Does The Sales Rebirth Of The Nissan LEAF In Japan Forecast Big Things For The US?

MAR 13 2013 BY JAY COLE 9

For the most part, the reception of the Nissan LEAF was lukewarm at best in the United States.  Past the initial “early adopters”, keen on being the first to be able to purchase an all electric car, new car buyers simply did not want to shell out the premium cost for the priviledge of cutting the gas station out of their lives.

Sydney, Australia Recently Received A Fleet Of Outgoing 2012 LEAFs

Sydney, Australia Recently Received A Fleet Of Outgoing 2012 LEAFs (we assume they got some kind of MY-end discount as well)

The outgoing 2012 LEAF SV, started at $35,020; which was a good $10,000 higher than a comparable gas car.

Sales for the first 8 months of 2012 (before Nissan starting discounting old inventory by anywhere from $5,500 nationally to $9,775 regionally), averaged just 528 LEAFs sold per month.  In other words, hideous failure.

US consumers could see the advantage of an electric car, but the range limitations, coupled with an extended pay-back period of 6 or 7 years, was just a leap too far to make for many.

Enter the 2013 Nissan LEAF S Model.

Both US-made and sourced, the entry level price (along with some features) was slashed to $28,800, and also available for lease from $199.   This new pricing, dropped the 2013 Nissan LEAF pay-back period to about 3 years over it’s Nissan gas counterpart, the Versa (comparison here).

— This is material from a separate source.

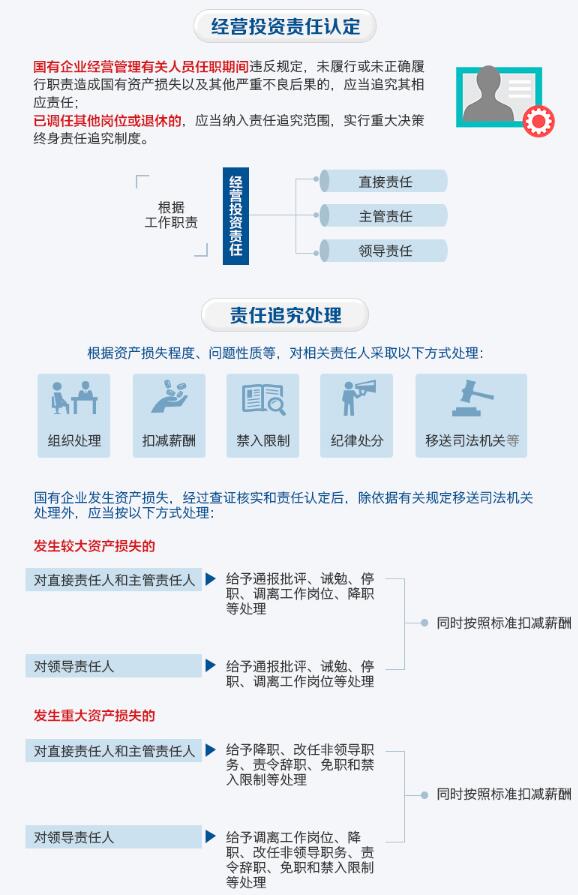 國企工程承包建設(shè)6點違規(guī)將被追責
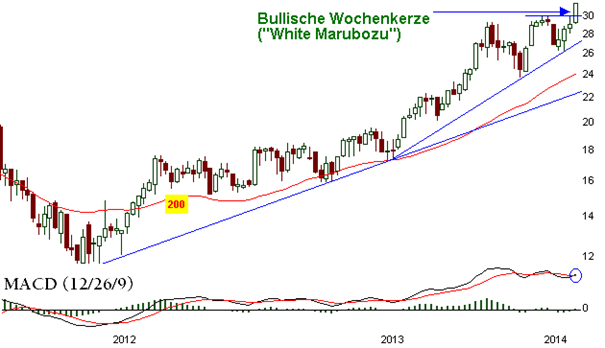 Aareal Bank: Starker Ausbruch Kursgewinne Aareal Bank: Starker Ausbruch Kursgewinne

And although it is still to soon to judge the public’s reception of the 2013 LEAF with less than a full month’s worth of sales on the books, we can tell you that Nissan sold over 450 of the 2013 model in the last half of February, a remarkable feat considering hardly any inventory had even left their Smyrna, TN assembly facility to be sold during the month.

Then there is Japan.

In Japan, the LEAF has similarly been cut in price, down to 2.213 million yen after various subsidies (about $25,000USD), and where it has also just completed it first month of being available nationwide.

How well did the new LEAF sell?  Nissan posted their 2nd best result of all-time of the EV, with 1,455 2013 LEAFs sold, a number that has only been surpassed once before…and that was during the vehicle’s first full month of availability in Japan in February of 2011.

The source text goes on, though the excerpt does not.